法国是一个充满浪漫气息的国家，拥有丰富的文化遗产和艺术成就。

巴黎是法国的首都，也是世界著名的时尚之都、艺术之都和文化之都。

伦敦是英国的首都，柏林是德国的首都，罗马是意大利的首都。

2.Which city is the capital of the United Kingdom?A.ParisB.WashingtonC.LondonD.Moscow答案：C。
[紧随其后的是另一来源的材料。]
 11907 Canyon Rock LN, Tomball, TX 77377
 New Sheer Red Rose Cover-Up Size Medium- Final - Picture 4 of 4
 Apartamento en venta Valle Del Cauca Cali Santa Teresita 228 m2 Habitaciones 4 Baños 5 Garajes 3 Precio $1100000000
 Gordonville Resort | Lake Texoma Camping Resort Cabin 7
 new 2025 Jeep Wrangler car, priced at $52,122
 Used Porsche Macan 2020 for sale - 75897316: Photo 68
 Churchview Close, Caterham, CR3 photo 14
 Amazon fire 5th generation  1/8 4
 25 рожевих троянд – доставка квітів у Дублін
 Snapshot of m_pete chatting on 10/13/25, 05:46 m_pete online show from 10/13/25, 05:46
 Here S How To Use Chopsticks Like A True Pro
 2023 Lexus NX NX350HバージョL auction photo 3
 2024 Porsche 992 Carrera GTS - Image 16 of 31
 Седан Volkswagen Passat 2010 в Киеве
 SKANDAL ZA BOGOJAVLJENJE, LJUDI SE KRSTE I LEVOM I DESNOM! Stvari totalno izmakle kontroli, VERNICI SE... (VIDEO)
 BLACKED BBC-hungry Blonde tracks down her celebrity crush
英国是一个历史悠久的国家，在世界历史上有着重要的地位。

伦敦是英国的首都，也是世界著名的金融中心和文化名城。

巴黎是法国的首都，华盛顿是美国的首都，莫斯科是俄罗斯的首都。

3.Which city is the capital of Germany?A.ParisB.MadridC.BerlinD.Rome答案：C。

德国是一个高度发达的工业国家，拥有世界领先的科技和制造业。

柏林是德国的首都，也是德国的政治、文化和经济中心。

巴黎是法国的首都，马德里是西班牙的首都，罗马是意大利的首都。

4.Which city is the capital of Italy?A.ParisB.LondonC.RomeD.Berlin答案：C。

意大利是一个充满艺术和文化气息的国家，拥有丰富的历史遗产和美食文化。

罗马是意大利的首都，也是世界著名的历史文化名城。

巴黎是法国的首都，伦敦是英国的首都，柏林是德国的首都。

5.Which city is the capital of Spain?A.ParisB.LondonC.MadridD.Berlin答案：C。

西班牙是一个充满热情和活力的国家，拥有丰富的自然风光和文化遗产。

马德里是西班牙的首都，也是西班牙的政治、文化和经济中心。

巴黎是法国的首都，伦敦是英国的首都，柏林是德国的首都。